▶ TASK OBJECTIVE
In the records below, find the line that contains "The Great Gasbag: An" and the line that contains "Ontogeneze lidské psychiky", then retype exactly those two lines and every line between them.

▶ DATA PROVIDED

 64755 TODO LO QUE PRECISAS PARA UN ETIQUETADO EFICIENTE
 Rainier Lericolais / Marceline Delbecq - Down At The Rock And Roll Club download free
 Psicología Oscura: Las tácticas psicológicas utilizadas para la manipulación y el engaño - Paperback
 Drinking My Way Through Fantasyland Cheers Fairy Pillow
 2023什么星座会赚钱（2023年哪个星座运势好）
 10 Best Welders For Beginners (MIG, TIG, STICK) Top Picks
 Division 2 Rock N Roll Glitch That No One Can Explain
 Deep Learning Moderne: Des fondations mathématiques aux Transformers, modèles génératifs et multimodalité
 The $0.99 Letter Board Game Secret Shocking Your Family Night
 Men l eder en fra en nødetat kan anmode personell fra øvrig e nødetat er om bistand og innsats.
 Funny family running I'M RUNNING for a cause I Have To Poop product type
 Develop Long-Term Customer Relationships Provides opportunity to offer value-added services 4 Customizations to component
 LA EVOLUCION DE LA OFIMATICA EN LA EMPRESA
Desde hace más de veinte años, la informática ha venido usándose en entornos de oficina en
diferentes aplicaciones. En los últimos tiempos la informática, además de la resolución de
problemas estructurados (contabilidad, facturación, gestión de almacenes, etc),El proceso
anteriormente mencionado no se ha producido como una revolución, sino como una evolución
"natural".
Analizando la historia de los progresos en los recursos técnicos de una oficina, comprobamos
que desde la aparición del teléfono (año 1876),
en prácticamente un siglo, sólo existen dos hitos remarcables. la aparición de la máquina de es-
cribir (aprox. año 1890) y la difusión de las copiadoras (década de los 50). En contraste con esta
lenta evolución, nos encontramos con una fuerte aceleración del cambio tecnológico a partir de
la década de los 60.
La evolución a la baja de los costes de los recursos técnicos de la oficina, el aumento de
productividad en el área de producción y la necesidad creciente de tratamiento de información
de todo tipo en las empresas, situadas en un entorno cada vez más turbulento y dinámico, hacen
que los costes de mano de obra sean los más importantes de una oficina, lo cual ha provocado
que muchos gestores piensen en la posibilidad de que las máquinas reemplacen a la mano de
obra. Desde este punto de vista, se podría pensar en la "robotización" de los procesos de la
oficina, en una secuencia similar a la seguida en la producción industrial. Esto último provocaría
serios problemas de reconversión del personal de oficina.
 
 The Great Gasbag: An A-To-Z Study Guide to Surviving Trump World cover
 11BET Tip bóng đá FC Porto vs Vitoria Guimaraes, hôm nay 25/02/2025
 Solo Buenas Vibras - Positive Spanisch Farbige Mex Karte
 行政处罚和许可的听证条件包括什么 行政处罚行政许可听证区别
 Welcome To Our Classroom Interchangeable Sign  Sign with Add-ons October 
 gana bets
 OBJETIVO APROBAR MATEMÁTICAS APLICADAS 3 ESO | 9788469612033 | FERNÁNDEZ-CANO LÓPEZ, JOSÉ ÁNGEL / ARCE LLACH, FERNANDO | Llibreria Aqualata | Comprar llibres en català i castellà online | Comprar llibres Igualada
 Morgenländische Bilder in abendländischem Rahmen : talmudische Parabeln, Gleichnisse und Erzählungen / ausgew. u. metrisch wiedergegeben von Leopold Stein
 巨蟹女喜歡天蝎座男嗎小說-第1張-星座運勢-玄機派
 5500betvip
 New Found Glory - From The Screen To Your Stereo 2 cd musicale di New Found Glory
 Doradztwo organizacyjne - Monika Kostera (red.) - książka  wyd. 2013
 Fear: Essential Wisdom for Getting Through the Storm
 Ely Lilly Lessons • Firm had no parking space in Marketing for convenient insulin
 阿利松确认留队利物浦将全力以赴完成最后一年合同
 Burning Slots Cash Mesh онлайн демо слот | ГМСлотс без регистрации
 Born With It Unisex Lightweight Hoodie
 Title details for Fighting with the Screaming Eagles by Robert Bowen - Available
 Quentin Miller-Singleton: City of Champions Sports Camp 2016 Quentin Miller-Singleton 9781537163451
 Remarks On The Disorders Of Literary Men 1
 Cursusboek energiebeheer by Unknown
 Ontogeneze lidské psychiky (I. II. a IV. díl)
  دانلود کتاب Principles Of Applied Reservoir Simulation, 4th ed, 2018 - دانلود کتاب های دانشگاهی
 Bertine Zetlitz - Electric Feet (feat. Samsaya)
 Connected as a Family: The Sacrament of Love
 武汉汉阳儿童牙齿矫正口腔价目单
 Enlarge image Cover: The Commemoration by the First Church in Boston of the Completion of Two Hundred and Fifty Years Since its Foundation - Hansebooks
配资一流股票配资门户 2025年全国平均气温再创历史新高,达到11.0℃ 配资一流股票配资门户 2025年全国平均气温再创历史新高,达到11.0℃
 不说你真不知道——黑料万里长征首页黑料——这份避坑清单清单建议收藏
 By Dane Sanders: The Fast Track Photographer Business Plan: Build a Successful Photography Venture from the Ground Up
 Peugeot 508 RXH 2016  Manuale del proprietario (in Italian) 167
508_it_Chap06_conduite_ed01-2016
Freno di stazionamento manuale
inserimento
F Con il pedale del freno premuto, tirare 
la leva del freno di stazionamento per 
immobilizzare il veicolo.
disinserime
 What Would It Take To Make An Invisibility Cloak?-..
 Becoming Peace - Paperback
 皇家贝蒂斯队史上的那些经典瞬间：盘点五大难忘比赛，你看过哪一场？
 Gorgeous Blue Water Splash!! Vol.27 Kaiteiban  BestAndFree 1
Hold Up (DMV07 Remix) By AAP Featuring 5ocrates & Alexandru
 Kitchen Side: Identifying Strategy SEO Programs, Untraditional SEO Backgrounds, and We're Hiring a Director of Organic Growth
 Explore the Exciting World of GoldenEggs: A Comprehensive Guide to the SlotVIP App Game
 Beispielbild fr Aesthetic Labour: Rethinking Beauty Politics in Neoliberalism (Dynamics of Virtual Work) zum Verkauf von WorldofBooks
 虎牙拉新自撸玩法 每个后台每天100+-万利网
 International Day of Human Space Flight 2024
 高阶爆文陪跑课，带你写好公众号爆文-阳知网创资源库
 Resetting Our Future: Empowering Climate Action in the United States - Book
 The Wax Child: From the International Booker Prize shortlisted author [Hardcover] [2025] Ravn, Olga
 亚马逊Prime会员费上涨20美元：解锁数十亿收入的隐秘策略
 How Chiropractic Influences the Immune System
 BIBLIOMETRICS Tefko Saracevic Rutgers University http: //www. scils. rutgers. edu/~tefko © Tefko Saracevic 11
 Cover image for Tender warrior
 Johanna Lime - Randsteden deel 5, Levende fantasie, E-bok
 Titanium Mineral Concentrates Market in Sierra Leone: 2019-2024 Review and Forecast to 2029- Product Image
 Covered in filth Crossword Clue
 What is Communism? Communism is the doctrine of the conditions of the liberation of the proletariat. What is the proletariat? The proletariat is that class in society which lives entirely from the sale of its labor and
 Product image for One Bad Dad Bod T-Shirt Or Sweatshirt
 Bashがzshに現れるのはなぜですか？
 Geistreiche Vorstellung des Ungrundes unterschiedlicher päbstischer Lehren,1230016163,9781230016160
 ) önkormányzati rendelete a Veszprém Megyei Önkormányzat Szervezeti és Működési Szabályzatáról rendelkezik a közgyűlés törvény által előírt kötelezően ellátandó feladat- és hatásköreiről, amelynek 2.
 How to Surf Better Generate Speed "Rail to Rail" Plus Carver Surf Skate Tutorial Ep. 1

▶ PROBLEM SOLUTION
 The Great Gasbag: An A-To-Z Study Guide to Surviving Trump World cover
 11BET Tip bóng đá FC Porto vs Vitoria Guimaraes, hôm nay 25/02/2025
 Solo Buenas Vibras - Positive Spanisch Farbige Mex Karte
 行政处罚和许可的听证条件包括什么 行政处罚行政许可听证区别
 Welcome To Our Classroom Interchangeable Sign  Sign with Add-ons October 
 gana bets
 OBJETIVO APROBAR MATEMÁTICAS APLICADAS 3 ESO | 9788469612033 | FERNÁNDEZ-CANO LÓPEZ, JOSÉ ÁNGEL / ARCE LLACH, FERNANDO | Llibreria Aqualata | Comprar llibres en català i castellà online | Comprar llibres Igualada
 Morgenländische Bilder in abendländischem Rahmen : talmudische Parabeln, Gleichnisse und Erzählungen / ausgew. u. metrisch wiedergegeben von Leopold Stein
 巨蟹女喜歡天蝎座男嗎小說-第1張-星座運勢-玄機派
 5500betvip
 New Found Glory - From The Screen To Your Stereo 2 cd musicale di New Found Glory
 Doradztwo organizacyjne - Monika Kostera (red.) - książka  wyd. 2013
 Fear: Essential Wisdom for Getting Through the Storm
 Ely Lilly Lessons • Firm had no parking space in Marketing for convenient insulin
 阿利松确认留队利物浦将全力以赴完成最后一年合同
 Burning Slots Cash Mesh онлайн демо слот | ГМСлотс без регистрации
 Born With It Unisex Lightweight Hoodie
 Title details for Fighting with the Screaming Eagles by Robert Bowen - Available
 Quentin Miller-Singleton: City of Champions Sports Camp 2016 Quentin Miller-Singleton 9781537163451
 Remarks On The Disorders Of Literary Men 1
 Cursusboek energiebeheer by Unknown
 Ontogeneze lidské psychiky (I. II. a IV. díl)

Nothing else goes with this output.